Haematologic toxicities have been the most frequent toxicity observed but they have, in general, been easily managed with granulocyte-colony stimulating factor (G-CSF) and transfusion support as needed. While grade 3-4 neutropenia occurred in randomised trials more frequently among Pixuvri recipients, they were uncomplicated in the majority of cases, noncumulative and associated with a low incidence of febrile neutropenia or infections, none leading to fatal outcome. Importantly, growth factor support was not routinely required and transfusions with red blood cells and platelets were uncommon. (See section 4.4)

Cardiac toxicity

In the study PIX 301, decreased ejection fraction occurred in 13 patients (19.1%) in the Pixuvri group. In 11 Pixuvri-treated patients, these events were grade 1-2 and in 2 patients they were grade 3; these events were transient and not Pixuvri dose related. Cardiac failure events (MedDRA terms cardiac failure, cardiac failure acute and cardiac failure congestive) occurred in 6 patients (8.8%) treated with Pixuvri (2 patients with grade 1-2, 1 patient with grade 3, and 3 patients, 2 considered as unrelated, with grade 5). Three Pixuvri patients (4.4%) had tachycardia, arrhythmia, sinus tachycardia, supraventricular tachycardia or bradycardia. Most patients had received prior doxorubicin or equivalent at dose of up to 450 mg/m2.

A baseline cardiac evaluation with a MUGA scan or an ECHO is recommended, especially in patients with risk factors for increased cardiac toxicity. Repeated MUGA scan or ECHO determinations of LVEF should be considered in patients with risk factors such as high cumulative exposure to prior anthracyclines or significant pre-existing cardiac disease (See section 4.4).

Other common toxicities

Skin discolouration and chromaturia are known related effects of Pixuvri administration due to the colour of the compound (blue). The skin discolouration generally disappears over a few days to weeks as the medicinal product is cleared.

Reporting of suspected adverse reactions

Reporting suspected adverse reactions after authorisation of the medicinal product is important. It allows continued monitoring of the benefit/risk balance of the medicinal product. Healthcare professionals are asked to report any suspected adverse reactions via the Yellow Card Scheme Website: or search for MHRA Yellow Card in the Google Play or Apple App Store.

4.9 Overdose

In the clinical trial programme, there has been one report of overdose with Pixuvri with no reported concomitant adverse events.

Single doses of pixantrone up to 158 mg/m2 have been given in dose-escalation clinical trials without evidence of dose-related toxicity.

If overdose occurs, supportive management is recommended.

5. Pharmacological properties
5.1 Pharmacodynamic properties

Pharmacotherapeutic group: Antineoplastic agents, anthracyclines, and related substances.

ATC code: L01DB11

Mechanism of action

The active substance of Pixuvri is pixantrone, a cytotoxic aza-anthracenedione.

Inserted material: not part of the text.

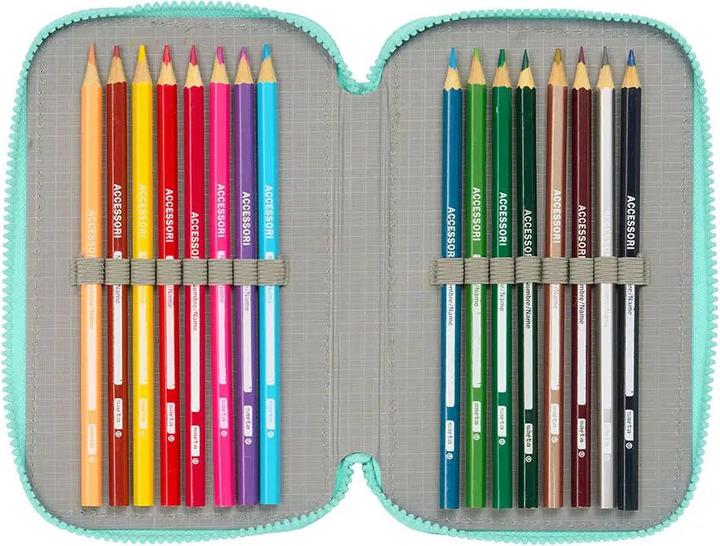 Produktbild Safta Vaiana - Etui inkl. Stifte, Spitzer, Lineal und Radiergummi (37 Teile)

Unlike approved anthracyclines (doxorubicin and others) and anthracenediones (mitoxantrone), pixantrone is only a weak inhibitor of topoisomerase II. Moreover, unlike anthracyclines or anthracenediones, pixantrone directly alkylates DNA forming stable DNA adducts and cross-strand breaks. Furthermore, because it incorporates a nitrogen heteroatom into the ring structure and does not have ketone groups, pixantrone has less potential for generating reactive oxygen species, binding iron, and forming alcohol metabolites that are felt to cause the cardiac toxicity of anthracyclines. Due to this unique structure, pixantrone produced minimal cardiotoxicity in animal models compared with doxorubicin or mitoxantrone.

A comprehensive retrospective population PK/PD analysis of Phase 1 trials and combination regimens (Phase 1/2) demonstrated that progression-free survival and Grade 2-3 neutropenia were related to Pixuvri exposure.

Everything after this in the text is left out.